What the task asks: Beneath this instruction is a block of data; output from it exactly the lines that run from the one containing "Calle de Vicente" through the one containing "King bed guest", inclusive.

Data shown:
----------------------------------------

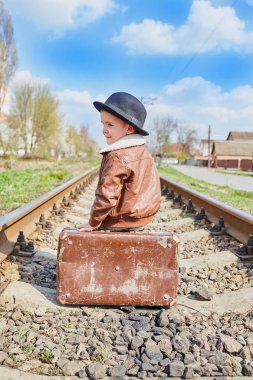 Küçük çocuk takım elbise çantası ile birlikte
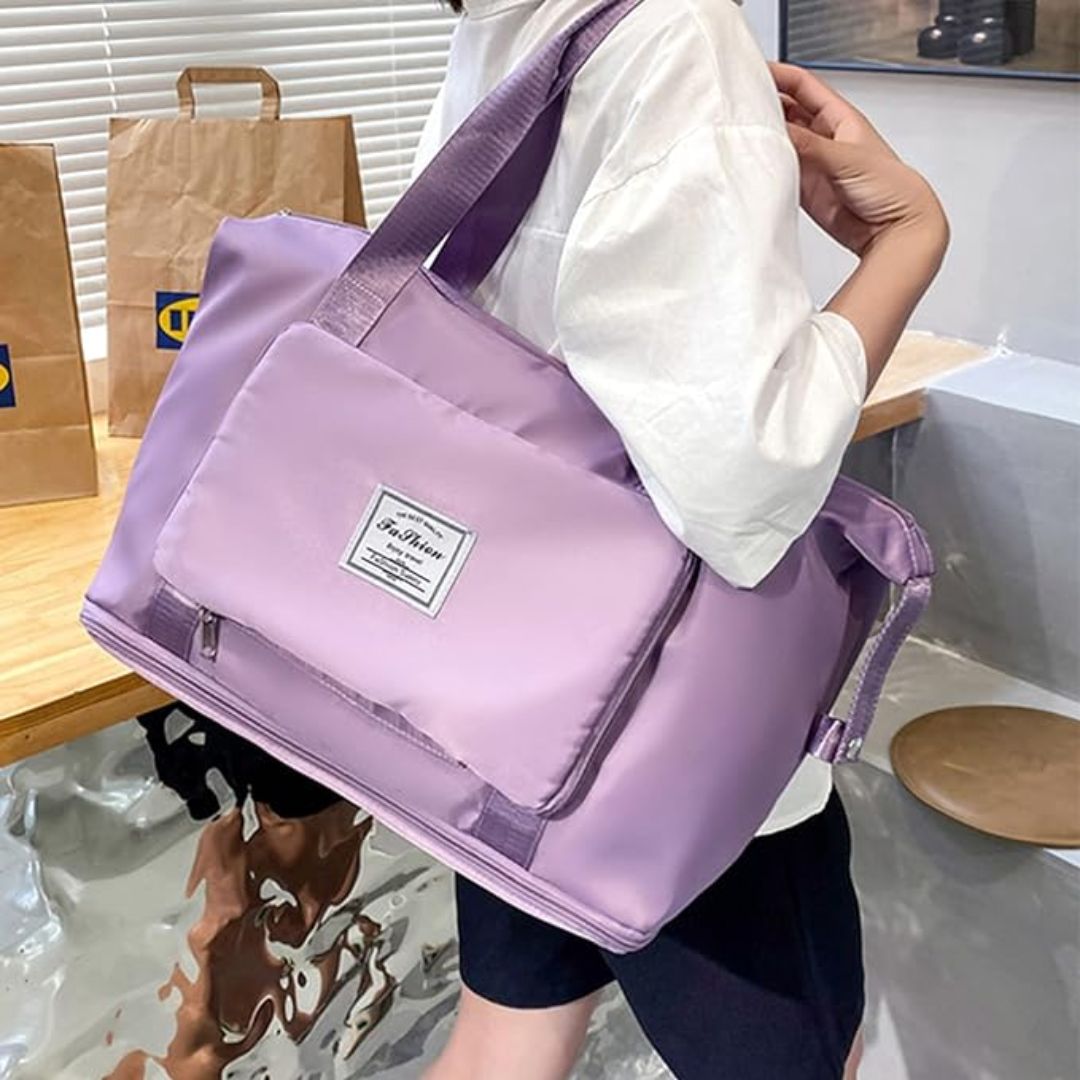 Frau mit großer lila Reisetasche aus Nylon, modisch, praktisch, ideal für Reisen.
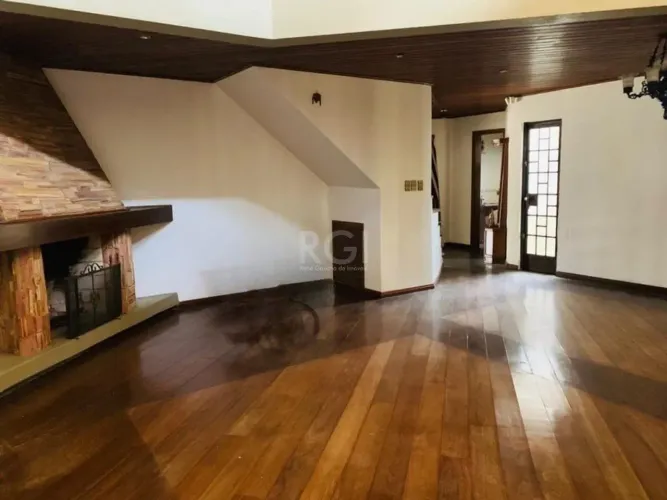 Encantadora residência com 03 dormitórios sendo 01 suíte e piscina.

----------------------------------------

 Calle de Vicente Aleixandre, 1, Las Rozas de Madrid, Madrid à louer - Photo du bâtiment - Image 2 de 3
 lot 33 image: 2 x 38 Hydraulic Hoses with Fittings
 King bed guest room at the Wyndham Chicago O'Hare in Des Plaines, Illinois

----------------------------------------

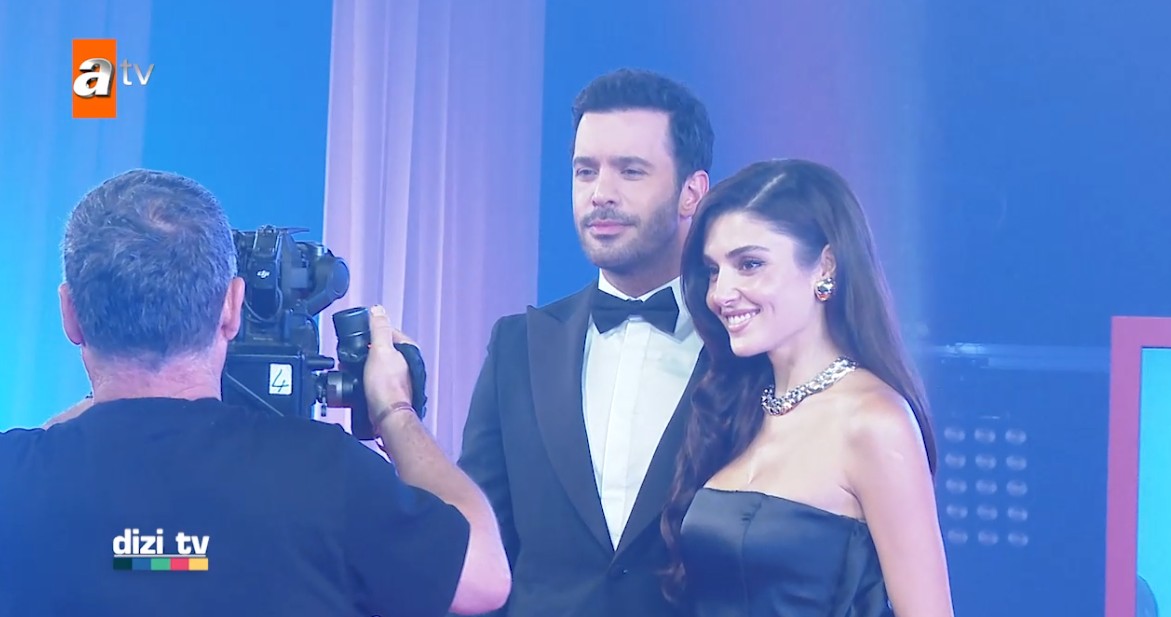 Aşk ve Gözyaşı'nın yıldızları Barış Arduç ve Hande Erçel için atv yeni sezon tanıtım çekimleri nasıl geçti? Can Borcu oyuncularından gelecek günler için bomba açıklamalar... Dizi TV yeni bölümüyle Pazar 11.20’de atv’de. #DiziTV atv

----------------------------------------

Task result:
 Calle de Vicente Aleixandre, 1, Las Rozas de Madrid, Madrid à louer - Photo du bâtiment - Image 2 de 3
 lot 33 image: 2 x 38 Hydraulic Hoses with Fittings
 King bed guest room at the Wyndham Chicago O'Hare in Des Plaines, Illinois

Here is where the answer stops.